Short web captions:
------------------------------

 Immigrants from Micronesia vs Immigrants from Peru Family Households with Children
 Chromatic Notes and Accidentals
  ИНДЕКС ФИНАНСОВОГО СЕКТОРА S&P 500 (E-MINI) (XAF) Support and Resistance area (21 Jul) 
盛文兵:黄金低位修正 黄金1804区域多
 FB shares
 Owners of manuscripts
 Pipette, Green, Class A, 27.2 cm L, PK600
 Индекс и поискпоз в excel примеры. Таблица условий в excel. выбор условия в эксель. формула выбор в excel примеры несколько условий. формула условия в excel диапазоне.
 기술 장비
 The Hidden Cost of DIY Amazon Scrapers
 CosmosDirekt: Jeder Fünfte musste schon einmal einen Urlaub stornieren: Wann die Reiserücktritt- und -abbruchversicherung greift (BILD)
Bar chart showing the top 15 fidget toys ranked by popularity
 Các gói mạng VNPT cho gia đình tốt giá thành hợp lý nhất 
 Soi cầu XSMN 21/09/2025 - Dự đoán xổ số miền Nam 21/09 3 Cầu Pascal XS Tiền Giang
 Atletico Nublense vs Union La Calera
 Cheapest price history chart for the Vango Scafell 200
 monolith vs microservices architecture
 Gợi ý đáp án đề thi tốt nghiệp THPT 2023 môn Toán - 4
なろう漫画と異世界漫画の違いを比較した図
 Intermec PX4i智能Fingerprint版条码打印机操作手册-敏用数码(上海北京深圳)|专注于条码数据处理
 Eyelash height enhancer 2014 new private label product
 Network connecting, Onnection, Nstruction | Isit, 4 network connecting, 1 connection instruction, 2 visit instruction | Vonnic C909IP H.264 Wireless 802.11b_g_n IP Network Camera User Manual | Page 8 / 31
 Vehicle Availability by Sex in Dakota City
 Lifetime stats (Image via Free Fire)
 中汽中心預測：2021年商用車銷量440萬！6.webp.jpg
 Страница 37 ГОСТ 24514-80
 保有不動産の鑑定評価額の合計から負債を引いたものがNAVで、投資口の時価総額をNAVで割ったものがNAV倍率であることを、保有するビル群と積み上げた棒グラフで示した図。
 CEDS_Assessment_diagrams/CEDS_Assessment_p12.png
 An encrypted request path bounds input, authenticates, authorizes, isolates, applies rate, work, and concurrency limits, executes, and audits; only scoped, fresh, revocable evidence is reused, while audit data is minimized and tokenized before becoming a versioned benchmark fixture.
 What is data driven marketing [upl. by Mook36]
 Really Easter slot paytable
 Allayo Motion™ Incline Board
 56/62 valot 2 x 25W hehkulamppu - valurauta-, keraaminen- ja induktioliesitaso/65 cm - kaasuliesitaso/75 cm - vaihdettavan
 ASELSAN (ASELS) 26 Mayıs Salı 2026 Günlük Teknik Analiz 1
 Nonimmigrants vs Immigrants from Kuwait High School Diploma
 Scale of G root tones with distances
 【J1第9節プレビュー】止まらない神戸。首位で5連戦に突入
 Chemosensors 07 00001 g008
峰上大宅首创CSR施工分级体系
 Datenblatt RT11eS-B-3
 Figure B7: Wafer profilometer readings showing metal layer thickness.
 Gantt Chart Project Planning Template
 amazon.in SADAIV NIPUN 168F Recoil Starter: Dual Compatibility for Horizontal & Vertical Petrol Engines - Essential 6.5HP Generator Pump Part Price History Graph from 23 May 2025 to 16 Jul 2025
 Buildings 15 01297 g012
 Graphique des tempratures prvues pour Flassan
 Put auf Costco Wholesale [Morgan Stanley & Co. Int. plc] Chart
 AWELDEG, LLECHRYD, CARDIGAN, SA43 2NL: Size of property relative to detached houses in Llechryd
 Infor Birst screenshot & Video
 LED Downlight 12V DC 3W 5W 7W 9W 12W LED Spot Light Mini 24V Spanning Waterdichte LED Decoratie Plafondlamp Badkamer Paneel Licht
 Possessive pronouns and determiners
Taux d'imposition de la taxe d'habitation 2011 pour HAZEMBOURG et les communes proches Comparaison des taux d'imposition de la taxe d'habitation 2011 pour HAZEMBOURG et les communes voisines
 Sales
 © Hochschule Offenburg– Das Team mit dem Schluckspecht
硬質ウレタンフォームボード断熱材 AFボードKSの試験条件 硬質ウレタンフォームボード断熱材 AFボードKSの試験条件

------------------------------

Required work:
Print exactly the lines above from the one with "ИНДЕКС ФИНАНСОВОГО СЕКТОРА" to the one with "CosmosDirekt: Jeder Fünfte", including both.

Output below:
  ИНДЕКС ФИНАНСОВОГО СЕКТОРА S&P 500 (E-MINI) (XAF) Support and Resistance area (21 Jul) 
盛文兵:黄金低位修正 黄金1804区域多
 FB shares
 Owners of manuscripts
 Pipette, Green, Class A, 27.2 cm L, PK600
 Индекс и поискпоз в excel примеры. Таблица условий в excel. выбор условия в эксель. формула выбор в excel примеры несколько условий. формула условия в excel диапазоне.
 기술 장비
 The Hidden Cost of DIY Amazon Scrapers
 CosmosDirekt: Jeder Fünfte musste schon einmal einen Urlaub stornieren: Wann die Reiserücktritt- und -abbruchversicherung greift (BILD)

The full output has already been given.